Instruction for the entries below: return the part that opens with the line containing "9 (Rennes) Louis" and closes with the line containing "A white Kontix", exactly, and no pictures.
[Input data — start]
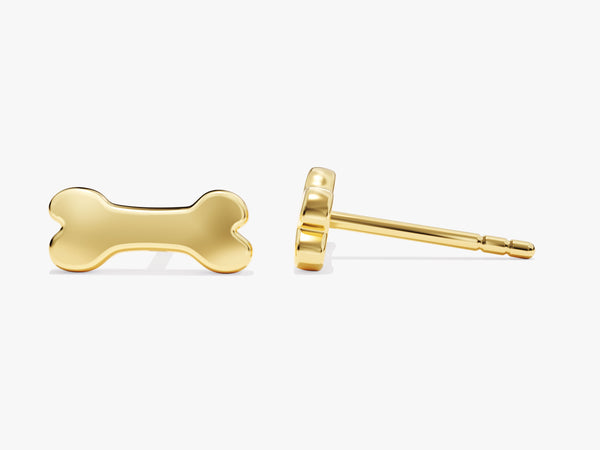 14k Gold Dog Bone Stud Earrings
[Input data — finish]
[Input data — start]
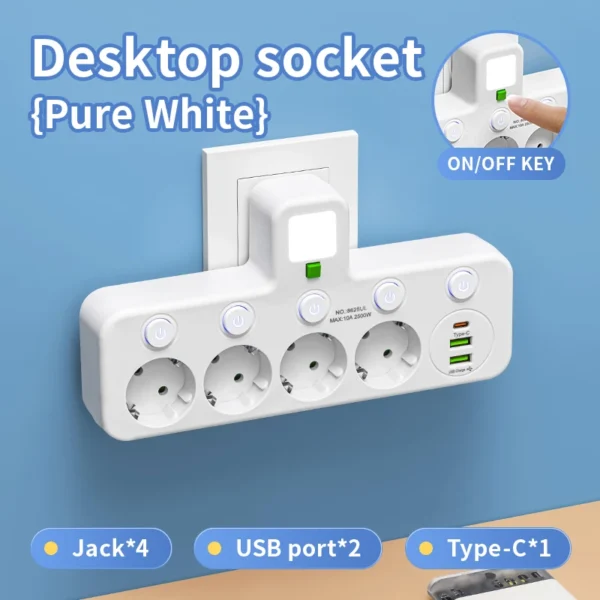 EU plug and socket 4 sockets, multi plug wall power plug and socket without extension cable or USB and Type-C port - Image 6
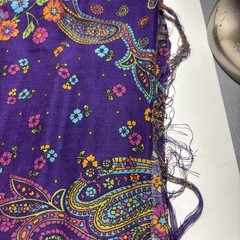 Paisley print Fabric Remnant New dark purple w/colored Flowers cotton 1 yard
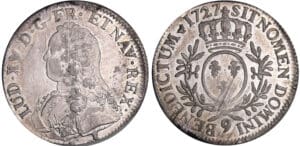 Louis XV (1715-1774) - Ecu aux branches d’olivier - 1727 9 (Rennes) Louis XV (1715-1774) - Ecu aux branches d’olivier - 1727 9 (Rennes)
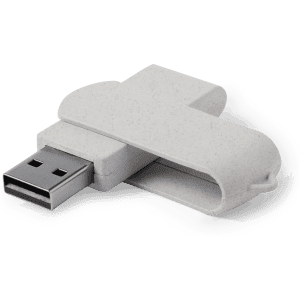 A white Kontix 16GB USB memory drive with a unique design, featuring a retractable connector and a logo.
[Input data — finish]
> **Response**
 Louis XV (1715-1774) - Ecu aux branches d’olivier - 1727 9 (Rennes) Louis XV (1715-1774) - Ecu aux branches d’olivier - 1727 9 (Rennes)
 A white Kontix 16GB USB memory drive with a unique design, featuring a retractable connector and a logo.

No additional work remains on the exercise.